§ What is expected
Pictures must be left out. Retype exactly the lines from the one containing "Form CIT0547 Medical" through the last line of the records below.

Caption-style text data

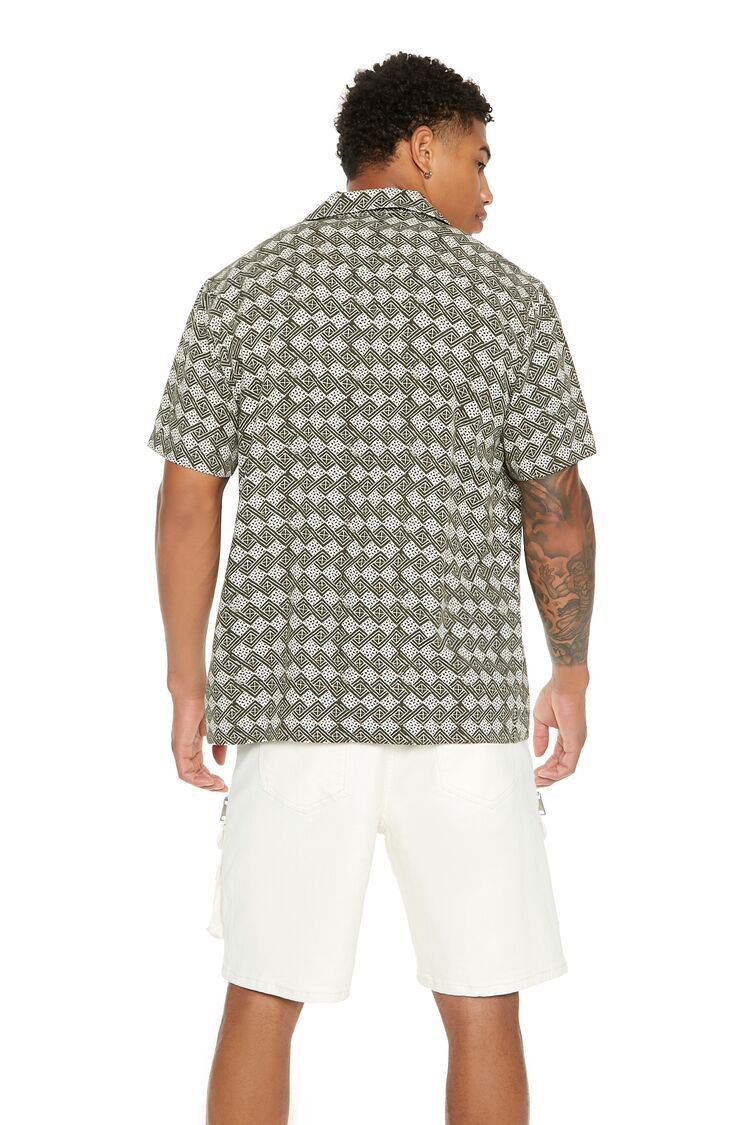  Forever 21 Geo Print Cuban-Collar Shirt - olive cream - Bonton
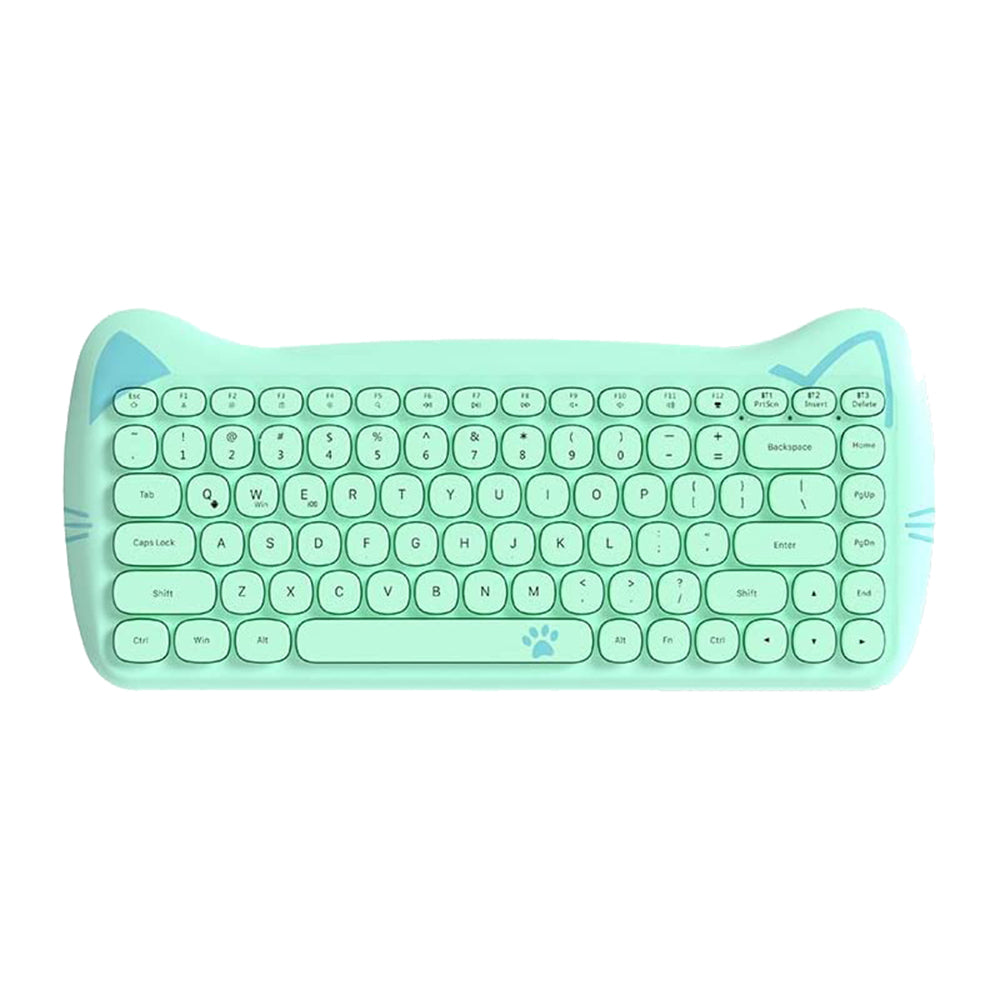 Wireless Cute Computer Bluetooth Keyboard with Typewriter Round Keycap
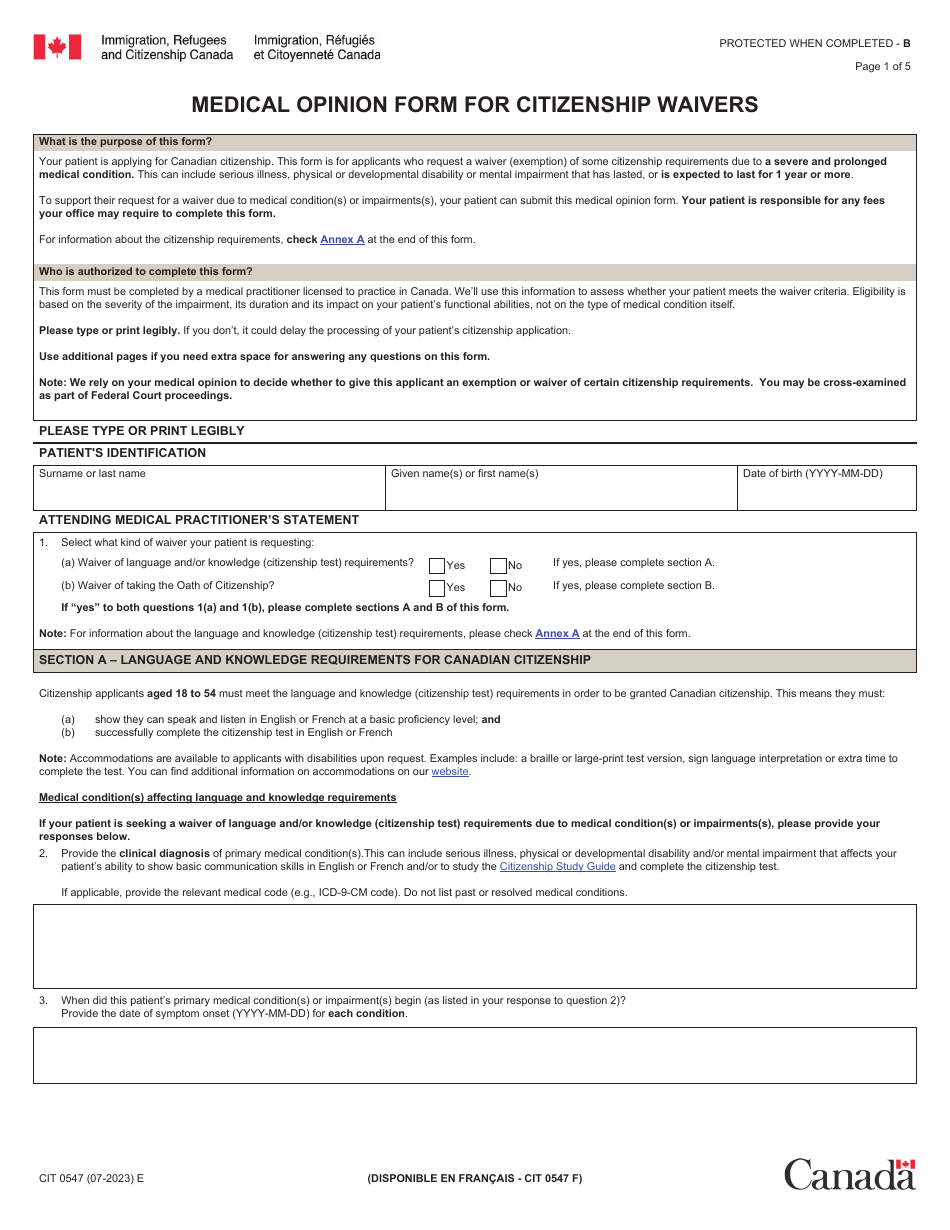Form CIT0547 Medical Opinion Form for Citizenship Waivers - Canada, Page 1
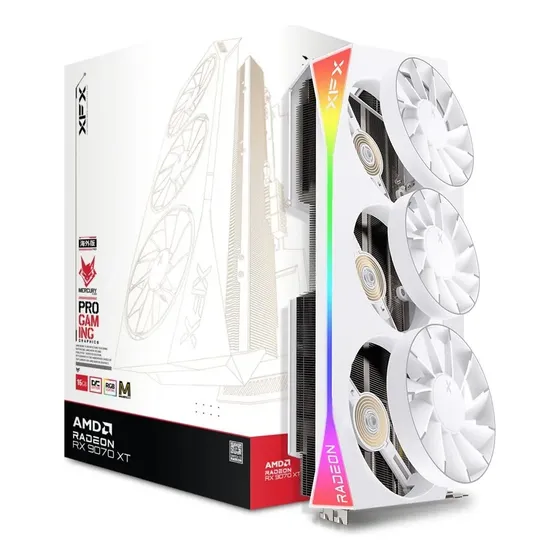 Placa De Vídeo Xfx Rx 9070xt Oc 16gb Gddr6 Gaming Branca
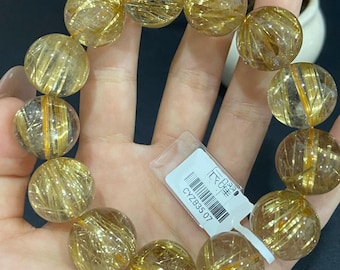 18 mm 認定天然本物ゴールデンルチルクォーツクリスタルビーズ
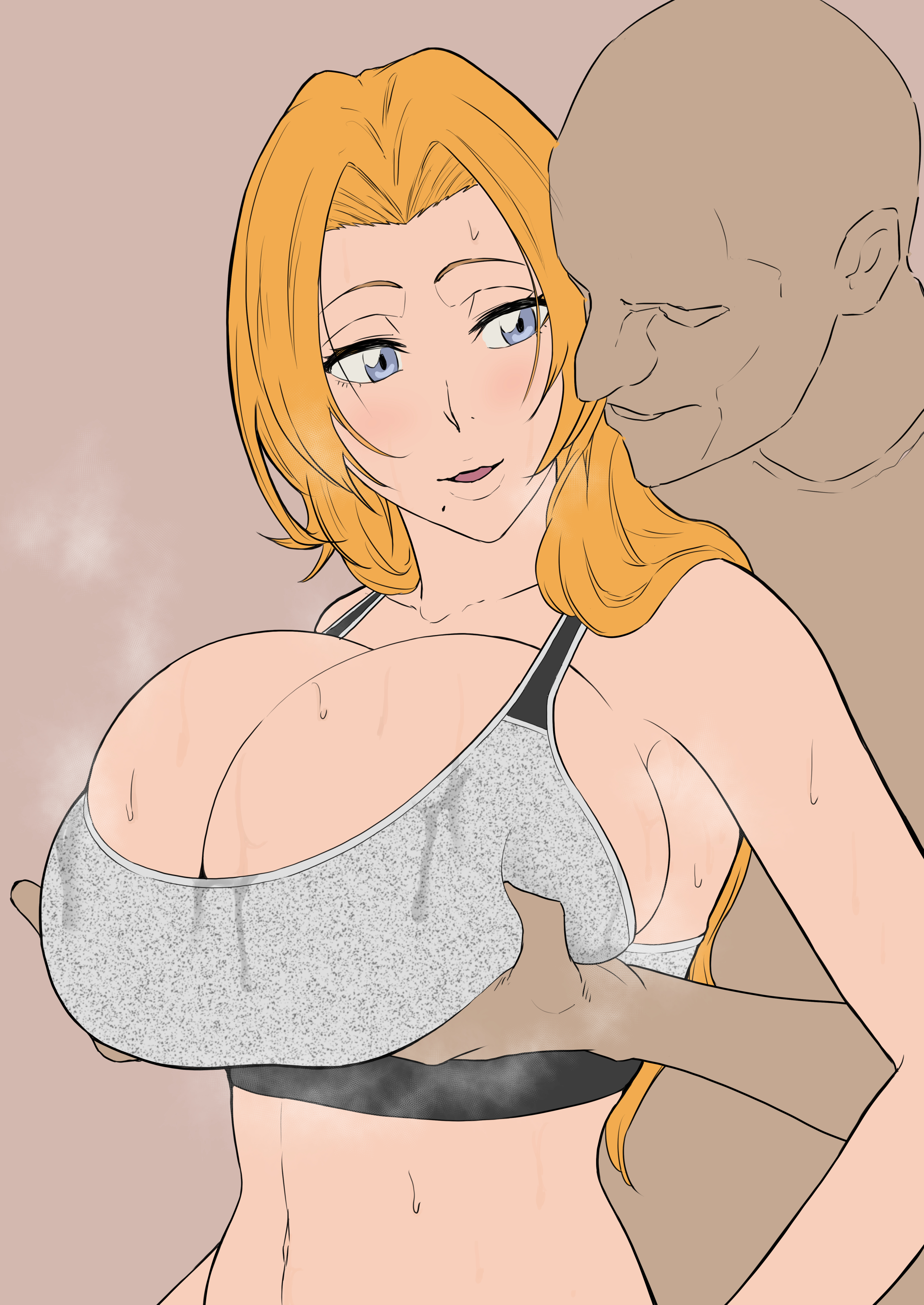 1boy, 1girls, absurdres, bangs, beige background, bleach, blue eyes, blush, bra, breast grab, breasts, brown background, cleavage, cleavage overflow, commentary, deep cleavage, faceless, faceless male, female, full cleavage, grabbing, grabbing from behind, grey bra, highres, huge breasts, iwao178, long hair, looking at another, looking back, male, matsumoto rangiku, navel, orange hair, parted bangs, parted lips, reward available, sideboob, simple background, smile, solo focus, sports bra, steaming body, straight, sweat, sweatdrop, underwear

§ Task response
Form CIT0547 Medical Opinion Form for Citizenship Waivers - Canada, Page 1
 Placa De Vídeo Xfx Rx 9070xt Oc 16gb Gddr6 Gaming Branca
 18 mm 認定天然本物ゴールデンルチルクォーツクリスタルビーズ
 1boy, 1girls, absurdres, bangs, beige background, bleach, blue eyes, blush, bra, breast grab, breasts, brown background, cleavage, cleavage overflow, commentary, deep cleavage, faceless, faceless male, female, full cleavage, grabbing, grabbing from behind, grey bra, highres, huge breasts, iwao178, long hair, looking at another, looking back, male, matsumoto rangiku, navel, orange hair, parted bangs, parted lips, reward available, sideboob, simple background, smile, solo focus, sports bra, steaming body, straight, sweat, sweatdrop, underwear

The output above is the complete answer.